This is described as an "eco-novel" which sets up distractingly misleading expectations. It took me a long time to get my head around what it was: for the first while I was describing it as 70% someone transcribing the transactions of a fictional conference on sustainability, 30% engineering project. This isn't quite accurate (for one thing, although the characters are mostly fictional, I think the conference was actually partly real, and also it wasn't a conference, it was a much longer wānanga) but if I'd known this at the start I'd have been much less at risk of putting the whole thing down after a dozen pages out of exasperation at the blatant didactics.

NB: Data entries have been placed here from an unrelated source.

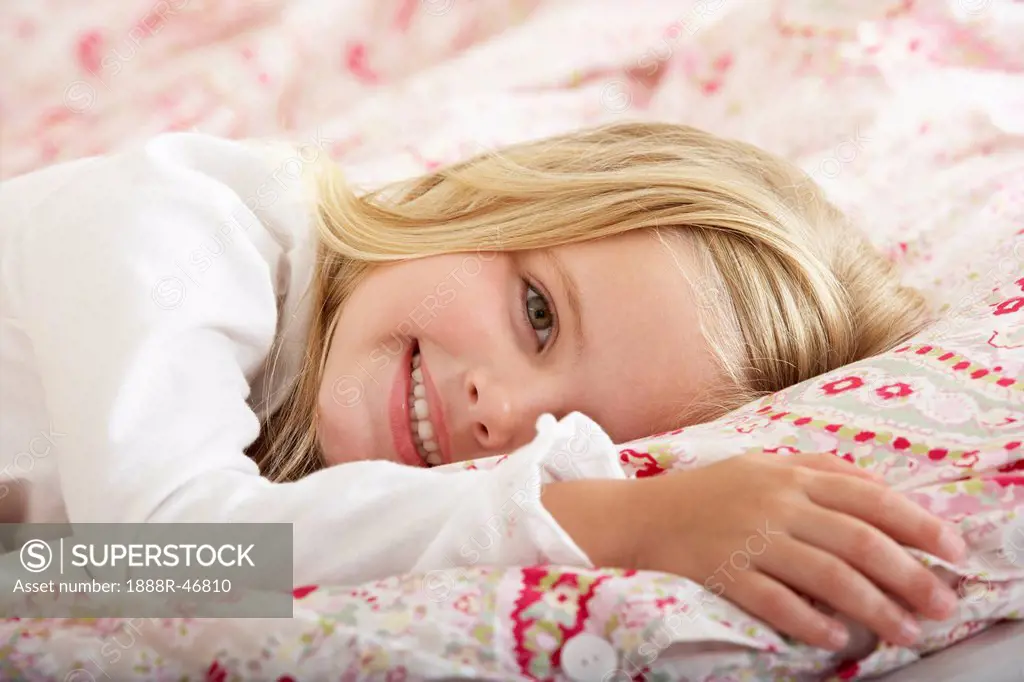 Young Girl Relaxing On Bed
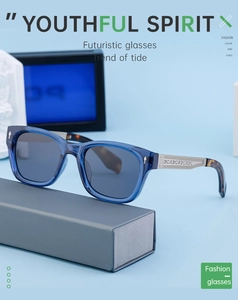 Detailed view of polarized sunglasses with blue transparent frame and engraved metal temple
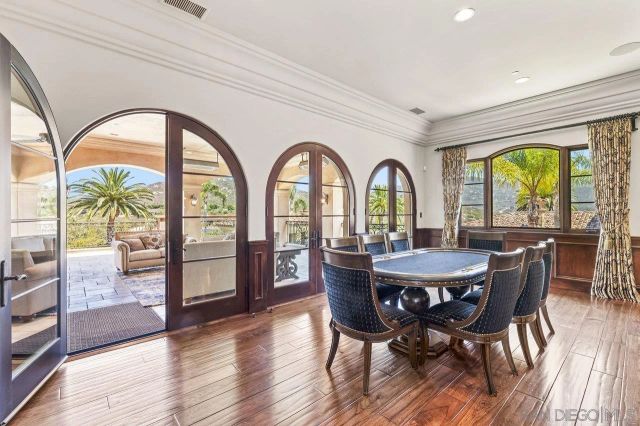 a view of a swimming pool and mountains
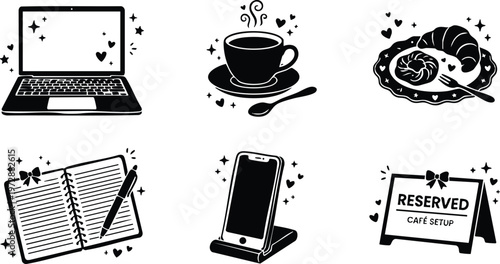 Laptop cup croissant notebook phone and reserved sign cafe setup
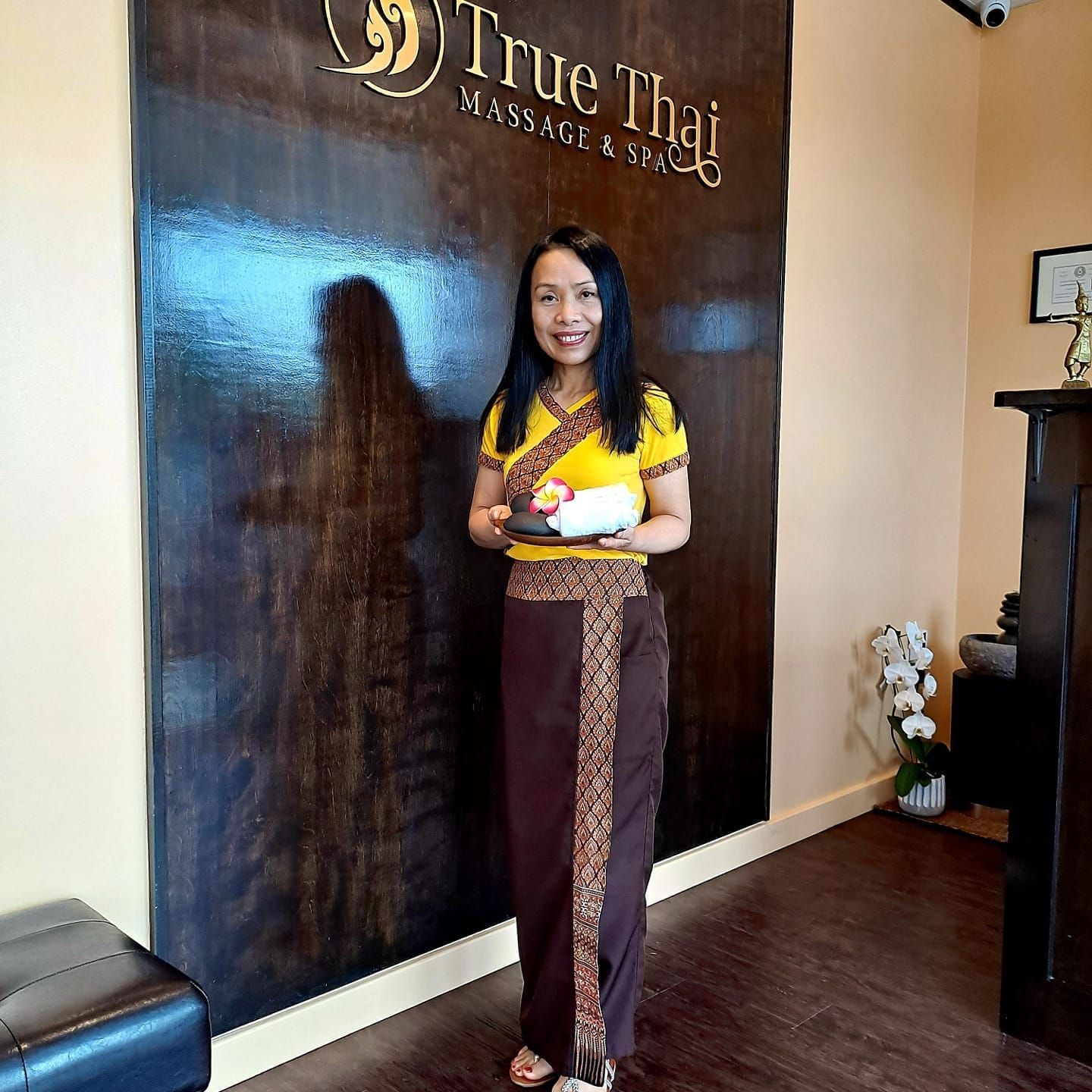 A woman is standing in front of a wall that says true thai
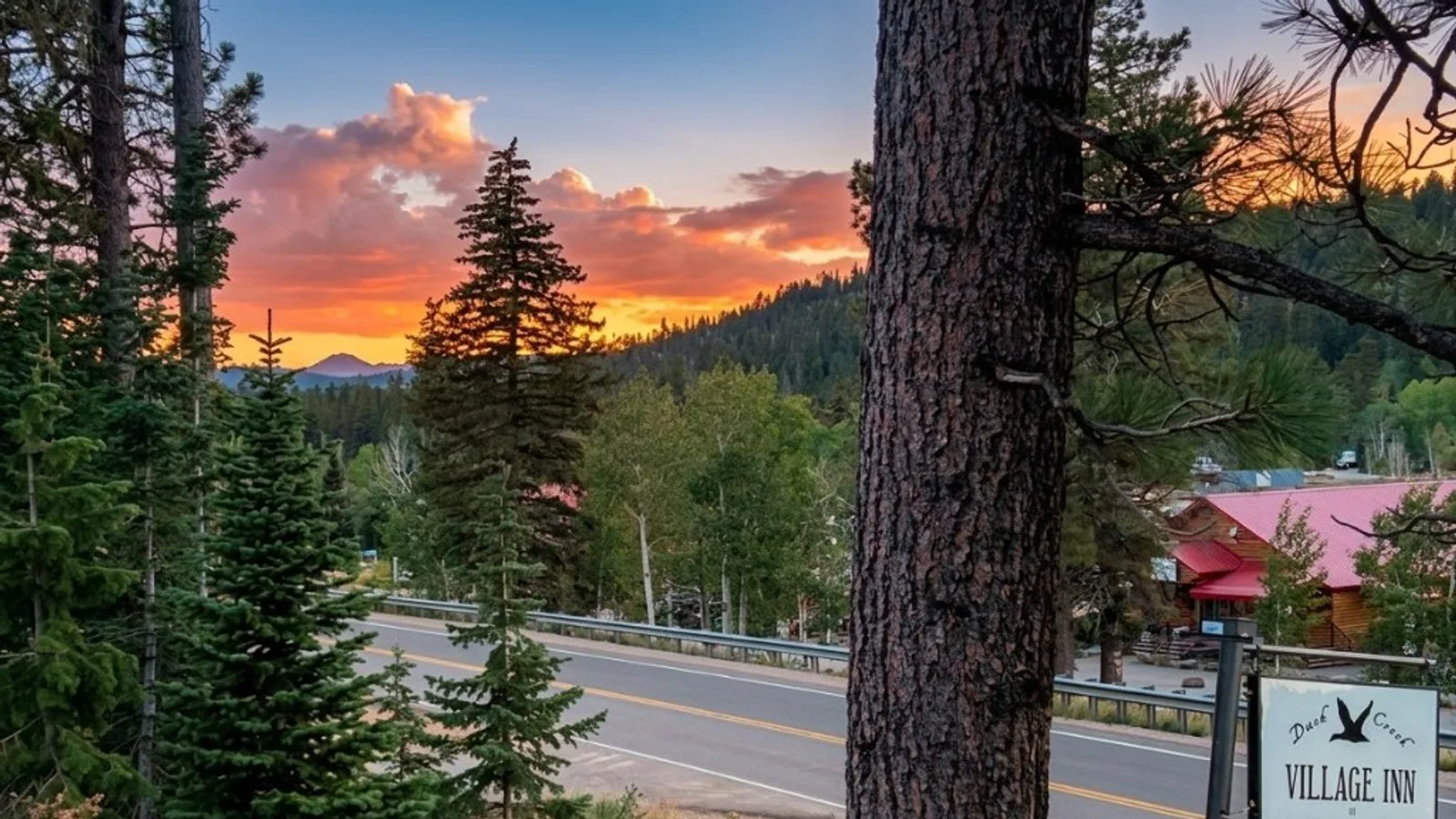 Highway 14 curving past the Duck Creek Village Inn sign at sunset, with pines and an orange sky over Cedar Mountain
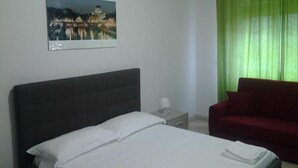 A hotel room with a bed, a nightstand, a red chair, a painting on the wall, and green curtains. - Olimpica Relais Guest House Affittacamere CIR 28624 (Rome)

Which would have been a shame because, although it's really rather bewildering as a novel from which one might expect something resembling plot, it is amazingly educational and interesting approached from the angle of what it actually is. It's like reading a "all the good bits" summary of a conference proceedings on what is a fascinating topic. We get a faithful narrative of the kōrero presented on various aspects of sustainability in Hawaii, Tahiti, Alaska, but particularly New Zealand (hence the kaitiakitanga of the title), along with entire extended book reviews and movie reviews, plus the discussions between attendees and of course the hands-on practical mahi - from collecting seaweed to building an earth oven through to the more ambitious project of a solar-powered waka traveling from Hawaii to New Zealand via Tahiti.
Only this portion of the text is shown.